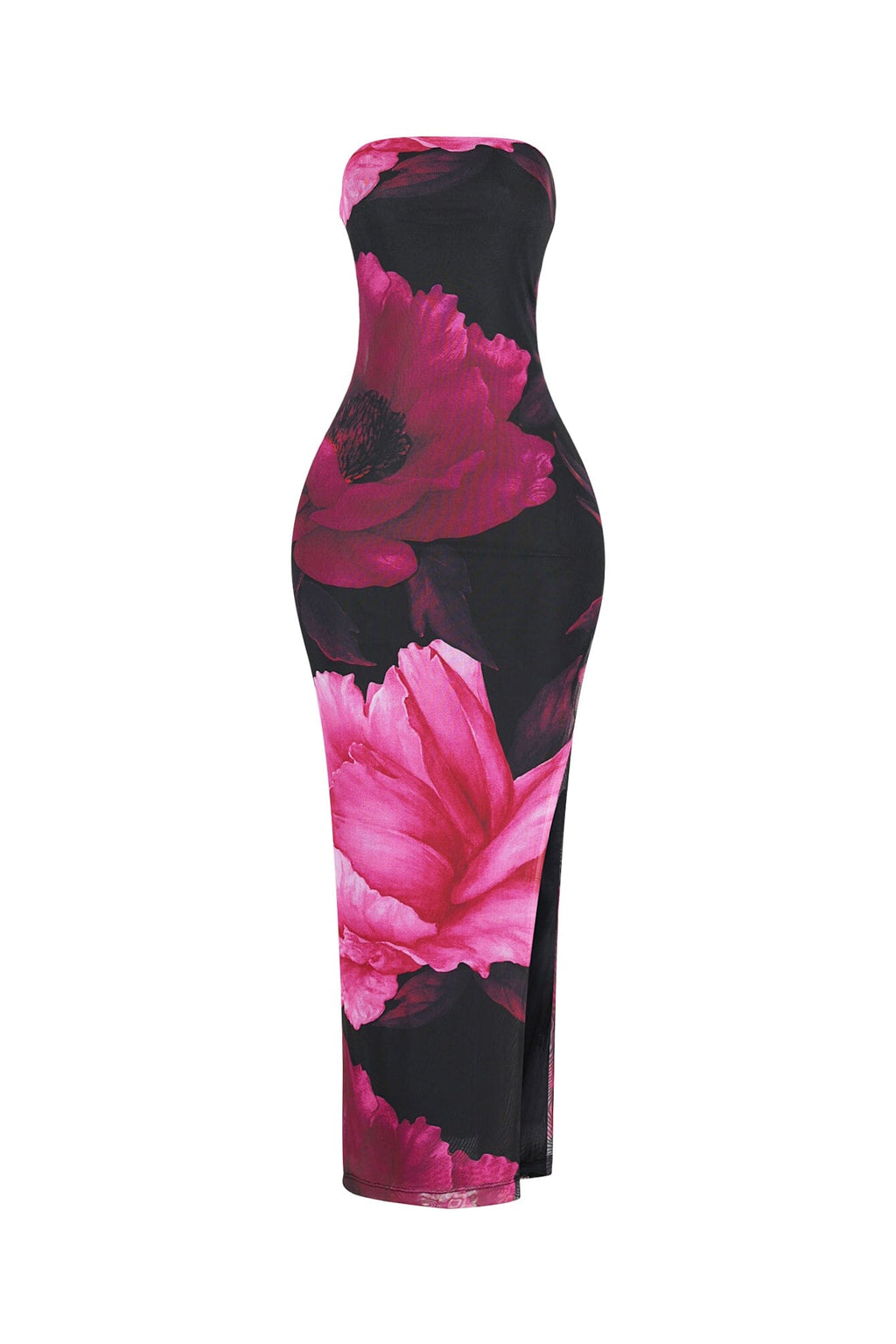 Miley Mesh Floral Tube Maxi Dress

○ ○ ○ ○ ○ ○ ○

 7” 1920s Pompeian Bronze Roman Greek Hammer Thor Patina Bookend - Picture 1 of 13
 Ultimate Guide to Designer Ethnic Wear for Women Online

○ ○ ○ ○ ○ ○ ○

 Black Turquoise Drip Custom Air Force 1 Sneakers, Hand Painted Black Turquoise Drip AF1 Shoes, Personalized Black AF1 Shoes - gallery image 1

○ ○ ○ ○ ○ ○ ○

| How to complete this task |
Return exactly the lines above from the line that has "Picture 1 of 13" through the line that has "Ultimate Guide to", inclusive, and nothing else.

| Exercise result |
 7” 1920s Pompeian Bronze Roman Greek Hammer Thor Patina Bookend - Picture 1 of 13
 Ultimate Guide to Designer Ethnic Wear for Women Online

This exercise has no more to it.